The most cutting-edge solutions are often cultivated for the most long-standing trades, such as construction and quarrying. Advances in engine technology have delivered new and more efficient power units that deliver higher power densities, while using less fuel and producing lower levels of emissions.
The recently introduced John Deere JD14 diesel engine provides OEMs with more power/litre than previous 13.5L configurations. John Deere designed this engine specifically to meet customer needs of increased power and torque. With outputs up to 510kW, it has 14% higher power and 11% increased peak torque, making it a reliable and durable power solution.
The John Deere JD14 engines are proven and have been working more than 47,000 hours at high load in a variety of applications. Many of the operating challenges were even more extreme than typically confronted in the field; repeating high to low loads to confirm thermal durability, block loading to show strength, and ultra-low idling to demonstrate oil pressure capabilities.
Continuing with an analysis-led process first used with the JD14 engine, the firm’s recently introduced JD18 is now the largest engine in the range, offering rated power up to 676kW.
This engine is the second unit from John Deere to be engineered to address the latest customer and market needs for industries such as construction. The JD18 engine has been designed for extreme durability and is ideal for heavy-duty applications around the world.
As the JD18 engine builds on advancements made during the JD14 development programme, there are multiple technological and design similarities. These include John Deere model-based controls, a rear gear train and streamlined service and repair capabilities.
The John Deere model-based controls offer advanced prognostics capabilities and reduce the overall number of sensors needed, which improves transient response. Switching the location of the gear train from the front to the rear of the engine reduces noise and torsional vibration. In addition, its streamlined design factored in the top 20 service and repair jobs normally completed on an engine as part of the development process, resulting in reduced repair. Both engines also feature a three-piece integrated harness with a protective channel, further boosting overall reliability.
To meet customer needs for fewer and shorter planned maintenance intervals, John Deere utilised hydraulic lash adjusters (HLAs) in the JD18 engine design. The HLAs are hydraulically operated and self-adjusting, eliminating the need to manually reset the valve lash, a lengthy service process. The JD18 also features a three-piece integrated harness with a protective channel for additional reliability.
In addition, locating the gear train in the rear of the engine improves durability while boosting operational flexibility, as it enables more gear drive auxiliary power take-off capabilities.
The firm says that it continues its commitment to helping OEMs implement electrified system architectures. The company offers a range of engine, drivetrain, and electronic solutions with hybrid architectures that have been proven in the field with more than 2 million operating hours.

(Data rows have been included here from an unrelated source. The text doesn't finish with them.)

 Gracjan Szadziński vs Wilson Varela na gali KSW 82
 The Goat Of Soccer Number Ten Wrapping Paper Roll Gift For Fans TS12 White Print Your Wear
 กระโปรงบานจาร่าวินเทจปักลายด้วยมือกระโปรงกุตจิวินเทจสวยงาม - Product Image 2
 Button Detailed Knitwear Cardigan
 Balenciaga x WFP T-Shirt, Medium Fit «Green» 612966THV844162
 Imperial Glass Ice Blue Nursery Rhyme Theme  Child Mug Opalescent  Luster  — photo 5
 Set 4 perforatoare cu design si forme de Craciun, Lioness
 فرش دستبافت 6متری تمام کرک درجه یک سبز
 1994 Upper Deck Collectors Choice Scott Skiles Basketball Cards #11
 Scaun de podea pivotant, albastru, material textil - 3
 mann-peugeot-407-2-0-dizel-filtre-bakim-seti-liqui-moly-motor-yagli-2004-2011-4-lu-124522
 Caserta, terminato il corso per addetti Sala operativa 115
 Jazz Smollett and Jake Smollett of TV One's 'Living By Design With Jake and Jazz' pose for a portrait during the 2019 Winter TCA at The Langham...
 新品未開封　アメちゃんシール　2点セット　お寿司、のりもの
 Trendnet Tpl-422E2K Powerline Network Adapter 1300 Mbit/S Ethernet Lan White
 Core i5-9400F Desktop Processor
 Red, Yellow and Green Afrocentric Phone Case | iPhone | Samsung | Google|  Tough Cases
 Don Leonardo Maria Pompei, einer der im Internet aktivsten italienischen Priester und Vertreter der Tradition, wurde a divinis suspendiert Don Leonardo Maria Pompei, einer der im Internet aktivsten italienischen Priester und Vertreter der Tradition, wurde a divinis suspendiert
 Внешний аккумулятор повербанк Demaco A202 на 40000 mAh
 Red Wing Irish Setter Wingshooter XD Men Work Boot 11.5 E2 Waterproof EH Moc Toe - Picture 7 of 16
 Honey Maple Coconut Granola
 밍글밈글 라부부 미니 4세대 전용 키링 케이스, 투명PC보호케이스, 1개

Implementing alternative power systems such as drivetrain and electric solutions in off-highway equipment can depend on being able to optimise an overall power solution. These balance mechanical, hydraulic and electric power systems, and cost. John Deere offers a broad range of expertise in mechanical and electronic solutions, which contribute toward robust, reliable alternative power architectures.
John Deere recently introduced its Smart Industrial strategy, which is designed to help customers become more profitable and sustainable. As a part of this strategy, the firm uses the Internet of Things (IoT) and machine performance data to develop new solutions through John Deere Connected Support. An increased focus on implementing connectivity solutions has empowered a shift from reacting to problems after they occur in the field to a proactive approach of anticipating and preventing machine downtime, increasing productivity by boosting uptime.
Because the John Deere solution includes power generation and traction drive components that are designed to work together, JDPS says it can also work with a vehicle system integrator to provide a solution that generates the right amount of energy for the tractive power. The company says it can provide OEM customers with integrated electric drive generation, traction drive and power electronic components that are designed for specific applications and can interface effectively with each machine.